Max Yasgur y Woodstock 1969.

Cuando se enteró de que sus vecinos nunca volverían a comprarle nada si permitía que los hippies llegaran, Max Yasgur miró a su esposa. Y ella supo, con solo ver sus ojos, que ya había tomado una decisión.
Agosto de 1969. Bethel, Nueva York.
Max Yasgur, un granjero lechero de 49 años, había pasado toda su vida construyendo algo real en las colinas del condado de Sullivan: seiscientas acres de tierra fértil, un rebaño de vacas premiadas y una reputación de hombre justo y buen vecino.
Entonces, un grupo de jóvenes de la ciudad de Nueva York le preguntó si podían usar uno de sus campos para un festival de música.
La reunión del pueblo fue brutal.
Vecinos que conocían a Max desde hacía décadas le dijeron sin rodeos:
“Si permites ese festival, boicotearemos tu granja. Nadie comprará tu leche. Nadie hará negocios contigo. Estás acabado.”
Su esposa, Miriam, lo observó mientras escuchaba aquellas amenazas.
Y vio algo cambiar en él.
“En ese momento supe,” diría más tarde, “que Max iba a hacerlo, sin importar lo que dijeran.”
Max Yasgur era un hombre que se volvía más terco cuanto más lo presionaban.
En lo más profundo de su alma de granjero, creía que los jóvenes tenían derecho a reunirse pacíficamente, aunque tuvieran el pelo largo y escucharan una música que él no entendía.
Cuatrocientas mil personas llegaron a Woodstock.
Pisotearon sus campos.
Derribaron sus cercas.
Dejaron sus pastizales devastados.
Los daños fueron enormes.
Pero durante el festival, ocurrió algo increíble.

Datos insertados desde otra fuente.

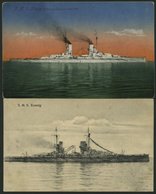 ALTE POSTKARTEN - SCHIFFE KAISERL. MARINE S.M.S. König , 2 Karten - Warships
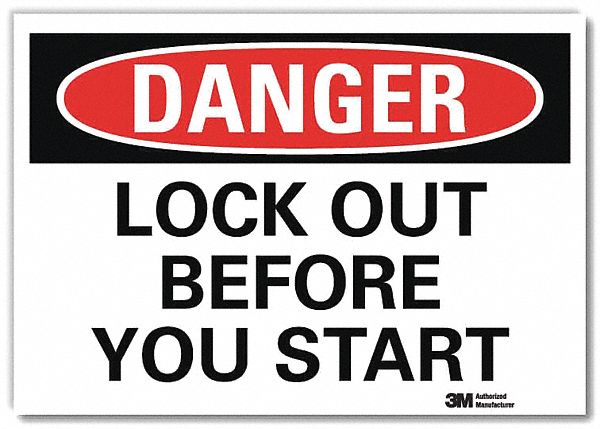Danger Sign: Reflective Sheeting, Adhesive Sign Mounting, 7 in x 10 in Nominal Sign Size, Danger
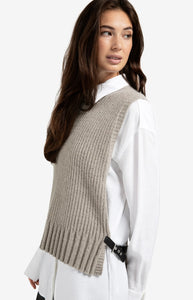 YAYA Ribbed side buckle tank Brownish Grey Melange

Max subió al escenario —un granjero judío de mediana edad, con ropa de trabajo— frente al mayor encuentro juvenil de la historia estadounidense, y dijo:
“Lo que ustedes han demostrado al mundo es que quinientas mil personas jóvenes —y los llamo jóvenes porque tengo hijos mayores que ustedes— pueden reunirse durante tres días de música y alegría, y no tener nada más que eso: música y alegría. ¡Dios los bendiga por ello!”
La multitud le respondió con una ovación de pie que duró varios minutos.

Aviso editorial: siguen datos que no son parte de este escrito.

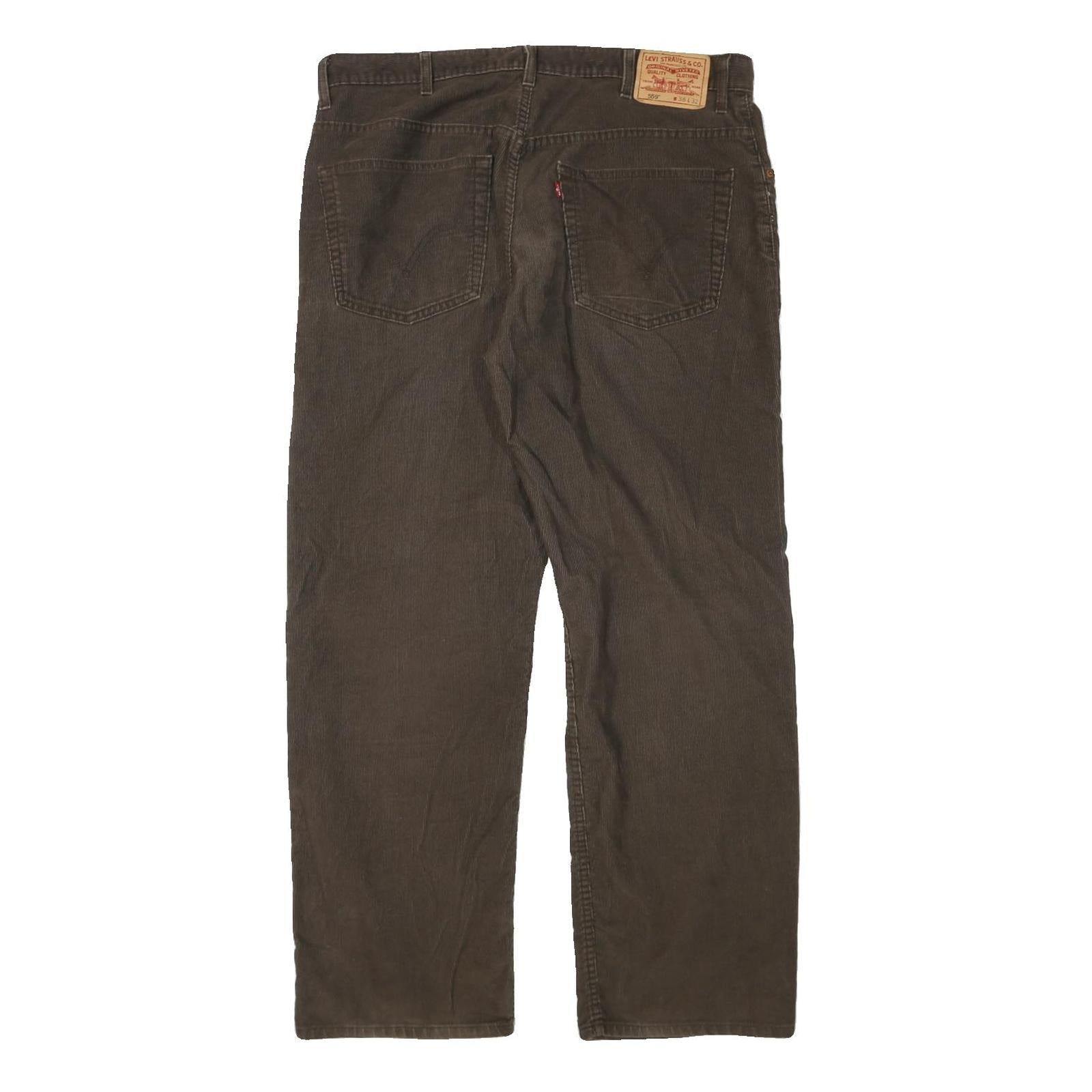 LEVI'S Mens Cotton Blend Brown Regular Straight Trousers W38 L31 Casual Zip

Pero luego vino la realidad.
El servicio postal se negó a atenderlo.
Max tuvo que cambiar su dirección a un pueblo vecino solo para poder recibir su correo —incluidas las notas de agradecimiento y las flores que le enviaron artistas como Jimi Hendrix, Janis Joplin y The Who, agradeciéndole su valentía.
La tienda local lo rechazó.
Amistades de toda una vida se disolvieron de la noche a la mañana.

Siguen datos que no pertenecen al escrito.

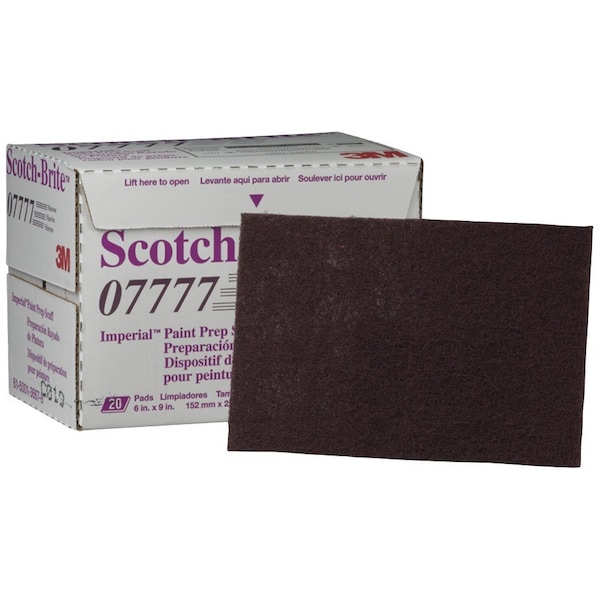 Preparación de pintura Scotch-Brite Scuff Hand Pad 07777 Granate, 20 almohadillas/caja 3 cajas/paquete - 07777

El 7 de enero de 1970, algunos de sus propios vecinos lo demandaron por los daños que los asistentes del festival habían causado en su propiedad.
Max nunca se echó atrás.
A los periodistas que le preguntaban si volvería a organizar un festival, respondió con calma:
“Hasta donde sé, volveré a mi granja.”
Un año después, recibió 50 000 dólares como compensación por los daños.
No era suficiente para reemplazar lo que había perdido —no los cercos ni el pasto, sino la comunidad que lo había abandonado por negarse a odiar a los jóvenes.
En 1971, Max vendió la granja que había sido la obra de su vida.
Él y Miriam se mudaron a Marathon, Florida, con la esperanza de que un nuevo comienzo aliviara su corazón —el físico, que ya estaba débil, y el metafórico, quebrado por sus vecinos.
El 9 de febrero de 1973, un año y medio después de dejar Nueva York, Max Yasgur murió de un ataque cardíaco. Tenía 53 años.
La revista Rolling Stone le dedicó uno de los pocos homenajes de página completa que ha hecho a alguien que no fuera músico.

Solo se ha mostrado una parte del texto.